## Exercise directions
Go to the line that contains "Uholník 100x100x19mm, 2,0mm, galvanicky", then write out that line and all that follow to the end of the listing, exactly and without pictures.

## Supplied material
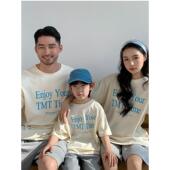 一家三口字母印花纯棉短袖 韩系亲子装 t恤母女母子潮 新款 2026夏装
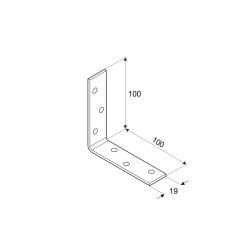 Uholník 100x100x19mm, 2,0mm, galvanicky pozinkovaný, otvory priemer 4,5mm - v počte 6ks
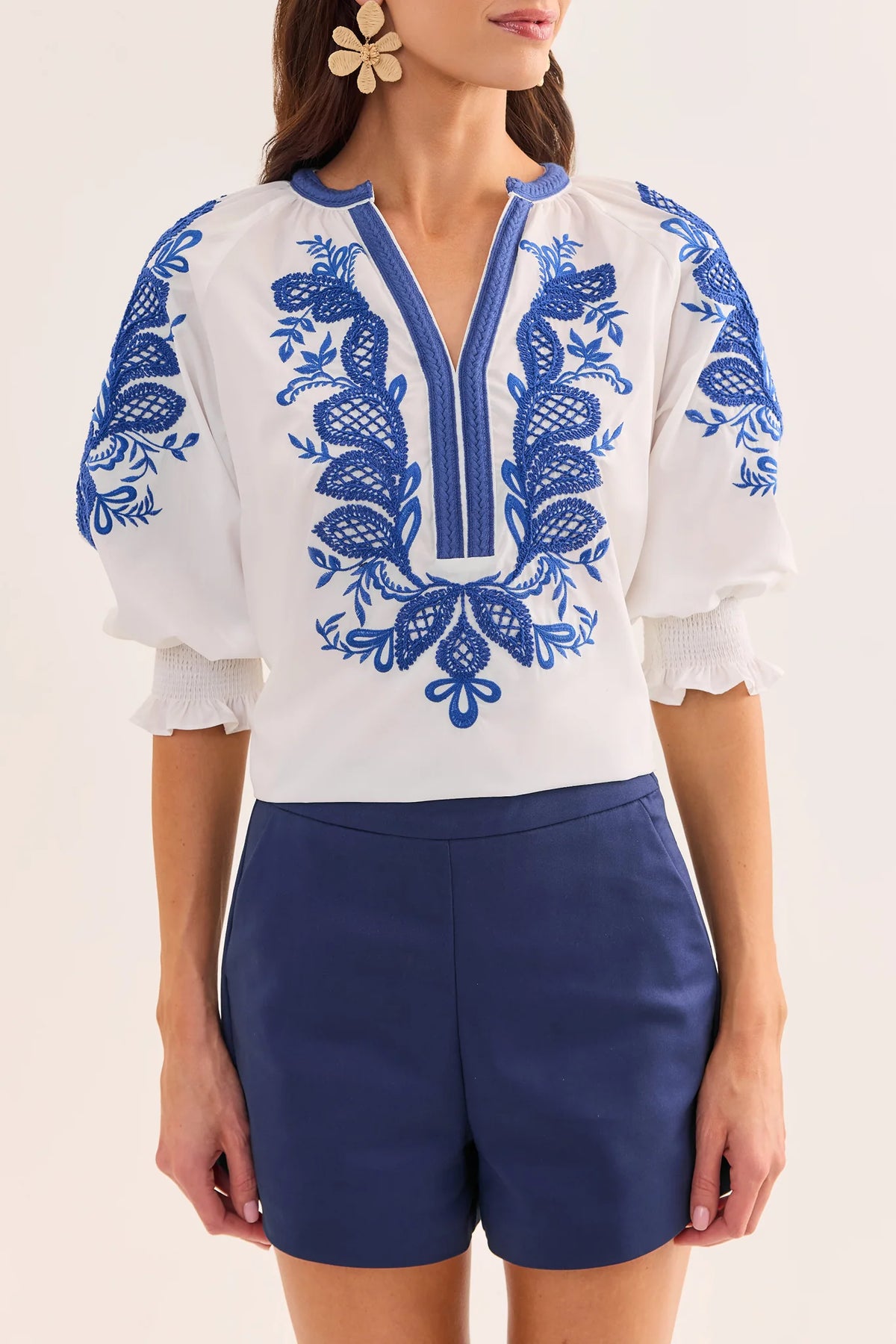 Iris White Embroidered Split Neck Top | Avara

## Finished task
 Uholník 100x100x19mm, 2,0mm, galvanicky pozinkovaný, otvory priemer 4,5mm - v počte 6ks
 Iris White Embroidered Split Neck Top | Avara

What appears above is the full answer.